● ENTRIES SUPPLIED
========================================================================

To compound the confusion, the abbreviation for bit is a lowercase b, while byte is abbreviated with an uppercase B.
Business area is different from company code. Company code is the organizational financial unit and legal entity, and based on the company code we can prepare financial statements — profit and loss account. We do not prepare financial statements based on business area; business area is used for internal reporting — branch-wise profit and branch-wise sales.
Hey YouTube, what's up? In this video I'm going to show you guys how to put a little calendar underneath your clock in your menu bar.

========================================================================

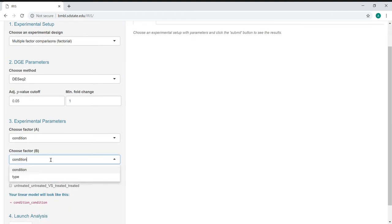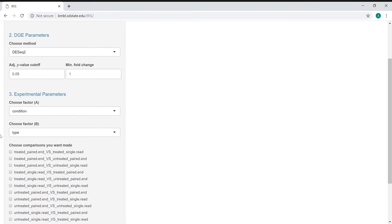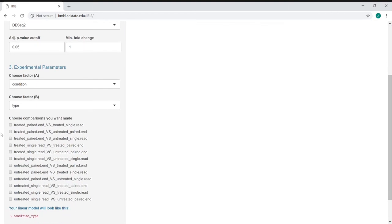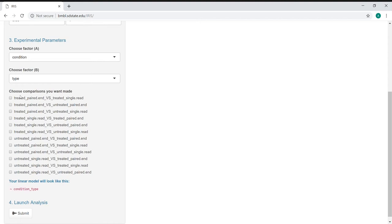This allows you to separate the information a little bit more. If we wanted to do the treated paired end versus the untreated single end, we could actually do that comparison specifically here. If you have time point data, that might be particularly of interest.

========================================================================

● WHAT YOU ARE ASKED TO DO
Among the lines above, repeat exactly those from the line with "Business area is different" to the line with "Hey YouTube, what's", counting both ends.

● ANSWER TO THIS TASK
Business area is different from company code. Company code is the organizational financial unit and legal entity, and based on the company code we can prepare financial statements — profit and loss account. We do not prepare financial statements based on business area; business area is used for internal reporting — branch-wise profit and branch-wise sales.
Hey YouTube, what's up? In this video I'm going to show you guys how to put a little calendar underneath your clock in your menu bar.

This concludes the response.